** DATA SEGMENT follows **

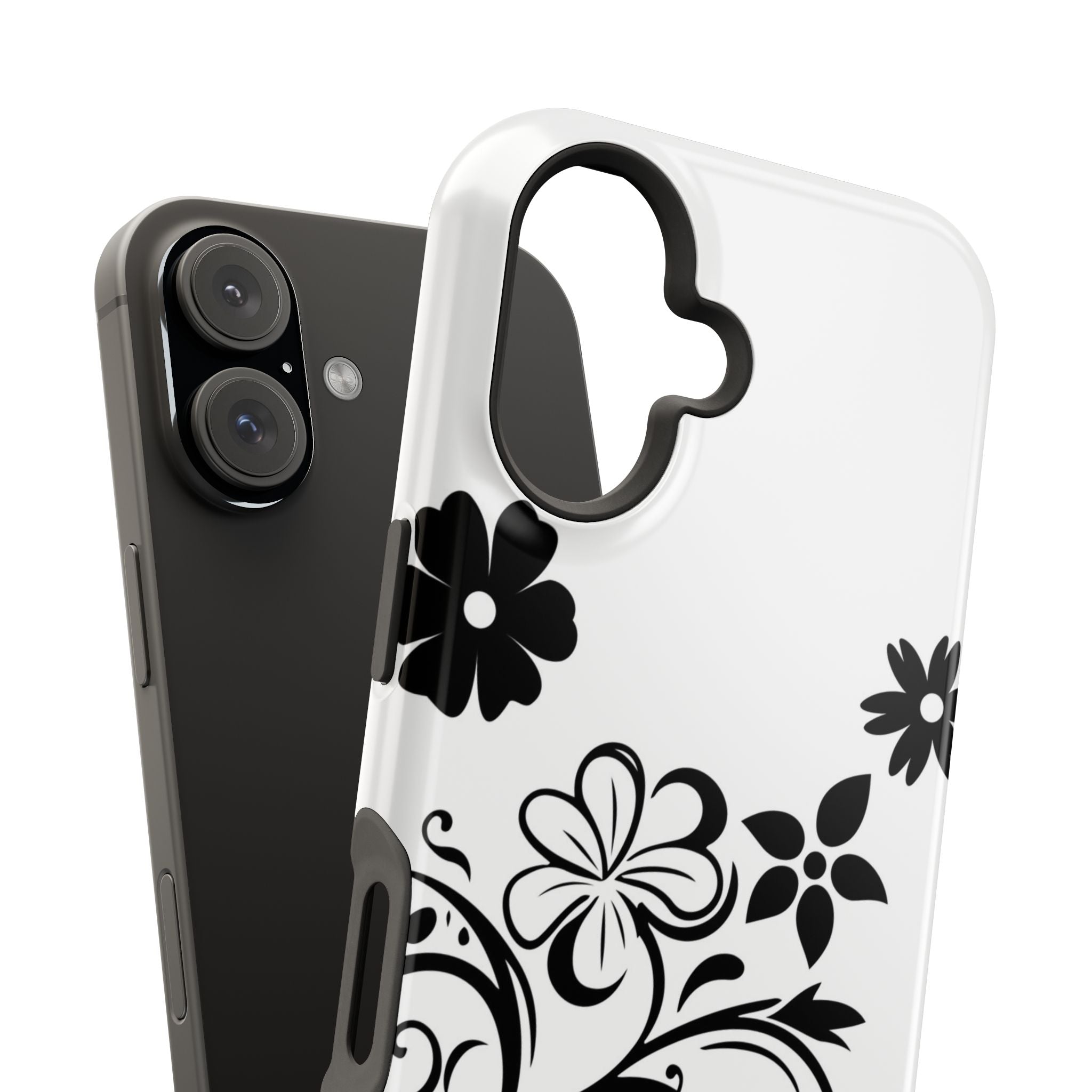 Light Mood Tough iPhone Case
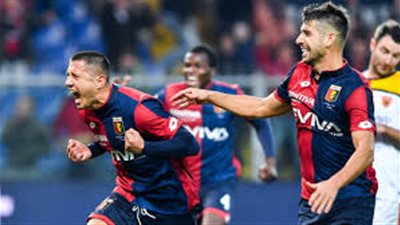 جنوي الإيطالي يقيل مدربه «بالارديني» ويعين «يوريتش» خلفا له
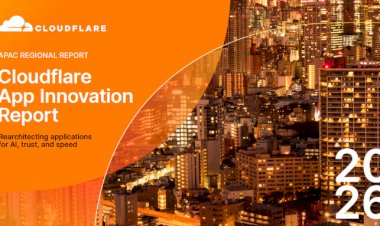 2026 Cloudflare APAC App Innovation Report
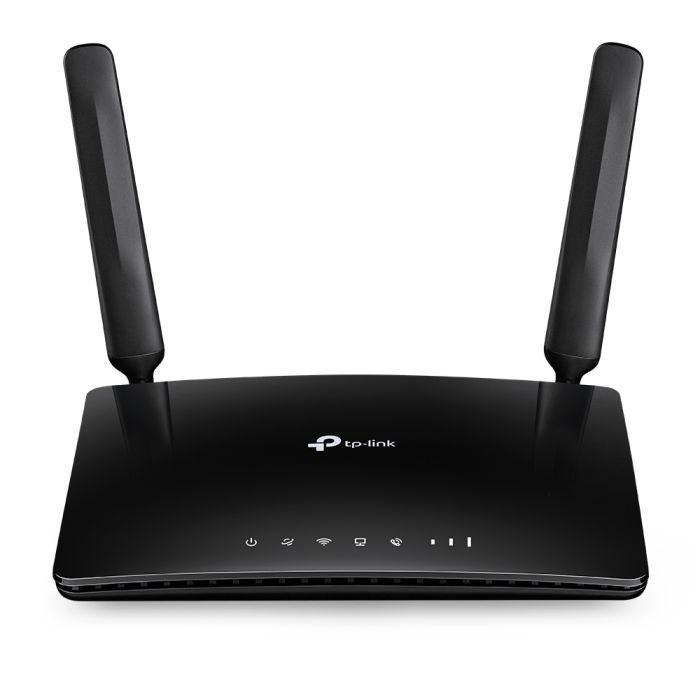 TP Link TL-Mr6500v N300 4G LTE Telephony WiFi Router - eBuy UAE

** End of DATA SEGMENT **

→ REQUIRED ACTION:
Pictures are to be omitted from the copy, and only the lines from the one containing "2026 Cloudflare APAC App Innovation Report" through the final line of the listing above are to be written out exactly.

→ SOLUTION TO THIS TASK:
 2026 Cloudflare APAC App Innovation Report
 TP Link TL-Mr6500v N300 4G LTE Telephony WiFi Router - eBuy UAE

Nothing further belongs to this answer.